General Purpose vs. Specialized Systems
The breakthrough carries broader implications beyond mathematics competitions. Both Google and OpenAI emphasized that their systems represent advances in general-purpose reasoning rather than narrow, task-specific programming.
“Besides the result itself, I am excited about our approach: We reach this capability level not via narrow, task-specific methodology, but by breaking new ground in general-purpose reinforcement learning and test-time compute scaling,” said OpenAI’s Alexander Wei.
This contrasts sharply with previous AI achievements in games like Go, chess, or poker, where researchers spent years developing systems that excelled in one narrow domain. The IMO-capable models are built on the same general-purpose language models used for everyday tasks like writing and coding.

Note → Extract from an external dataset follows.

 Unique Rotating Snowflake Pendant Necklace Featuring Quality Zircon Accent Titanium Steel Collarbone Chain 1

“Just to spell it out as clearly as possible: a next-word prediction machine (because that’s really what it is here, no tools no nothing) just produced genuinely creative proofs for hard, novel math problems at a level reached only by an elite handful of pre-college prodigies,” noted OpenAI researcher Sebastien Bubeck.
Competition Context
The mathematical problems that stump most humans require sustained creative thinking over periods that can stretch to hours. IMO problems demand not just computational skill but genuine mathematical insight and the ability to construct rigorous logical arguments across multiple pages of reasoning.
This year’s competition was held in Australia, with problems covering advanced topics in algebra, geometry, number theory and combinatorics. The questions are designed to challenge students who have often trained for thousands of hours and frequently go on to become professional mathematicians.

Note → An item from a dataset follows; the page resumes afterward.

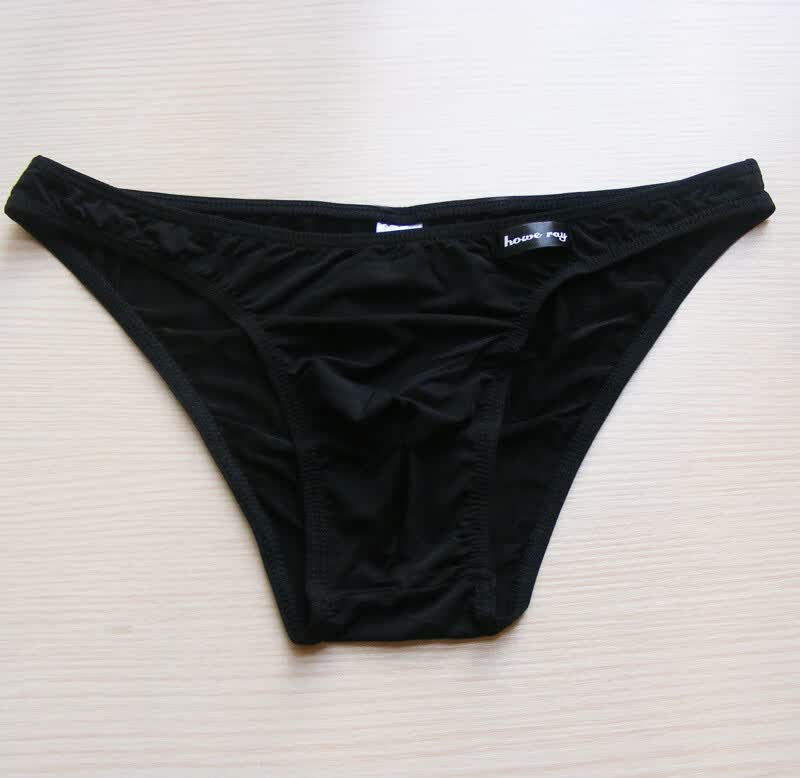 禾野田 低腰男士小三角内裤激凸性感半透明比基尼柔软弹力冰丝窄边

Prof. Sir Timothy Gowers, an IMO gold medalist and Fields Medal winner who helped evaluate Google’s solutions last year, noted the significance of the achievement. “The fact that the program can come up with a non-obvious construction like this is very impressive, and well beyond what I thought was state of the art,” he said.
Looking Forward
The rapid progress in mathematical reasoning capabilities suggests that AI systems may soon become valuable tools for professional mathematicians and scientists. Google envisions “agents that combine natural language fluency with rigorous reasoning” becoming “invaluable tools for mathematicians, scientists, engineers, and researchers, helping us advance human knowledge on the path to AGI.”
However, both companies were careful to emphasize that these achievements should complement rather than replace human mathematical talent. The IMO exists to promote the “beauty of mathematics” to high school students and encourage them to pursue careers in the field.
“Our leap from silver to gold medal-standard in just one year shows a remarkable pace of progress in AI,” Google noted, while acknowledging that the real purpose of mathematics competitions remains inspiring the next generation of human mathematicians.
The timing and competitive nature of the announcements underscore how rapidly AI capabilities are advancing and how intensely companies are competing to demonstrate their technological leadership in reasoning and mathematical problem-solving.
As AI systems continue to approach and surpass human-level performance in increasingly complex cognitive tasks, the mathematical olympiad achievement represents another significant milestone in the broader development of artificial general intelligence. Yet questions remain about when and how these powerful reasoning capabilities will become available to researchers and the broader public, with both companies indicating their gold medal systems remain experimental and not ready for public release for several months.